President Trump confirmed on December 10, 2025, that U.S. forces have seized a very large oil tanker off the coast of Venezuela, calling it the largest tanker ever taken in such an action. The announcement signals a dramatic escalation in Washington’s effort to squeeze Nicolás Maduro’s illegitimate regime and choke off illicit revenue streams.
U.S. officials say the operation was led by the Coast Guard with Navy support and came amid the biggest American military buildup in the region in decades, including carriers, fighter jets, and a large troop presence. That show of force underscores that this administration is willing to pair legal enforcement with unmistakable military deterrence.
This seizure is the latest move in a months-long pressure campaign that has included strikes on suspected drug-smuggling vessels and other measures aimed at crippling the criminal networks propping up Maduro. Critics will howl about escalation, but the reality is that disorder and narcoterrorism have been allowed to metastasize under softer policies; firmness is the only credible alternative.

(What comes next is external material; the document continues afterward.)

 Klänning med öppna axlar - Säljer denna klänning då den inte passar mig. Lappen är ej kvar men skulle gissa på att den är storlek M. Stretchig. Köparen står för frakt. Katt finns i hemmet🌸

Remember what’s at stake: Venezuela still sits on the world’s largest proven oil reserves, and its energy exports have funded tyranny and empowered hostile actors. Disrupting those revenue flows is not greed, it’s national security—cutting off the cash that props up a corrupt, brutal regime and its foreign backers.
For too long American policy toward Latin America swung between naïveté and weak appeasement, leaving our interests exposed and our southern neighborhood insecure. This administration is finally treating illicit oil trade and narcotrafficking as the strategic problems they are, pushing back where previous leaders would have looked the other way and hoped for the best.
Legal questions will be raised, and they should be—so long as the Justice Department and Congress insist on transparency and a clear legal basis for action. Officials have described the operation as a judicial enforcement action against a stateless vessel, not a rogue military grab, and that distinction matters as we defend the rule of law while protecting American security.
Patriots who want a safe, sovereign America should welcome a government that acts rather than retreads the tired playbook of surrender to kleptocrats. If this boldness deters narcoterrorists, protects energy interests, and hastens the downfall of Maduro’s criminal enterprise, then bold it should be—because the world respects strength, and liberty depends on it.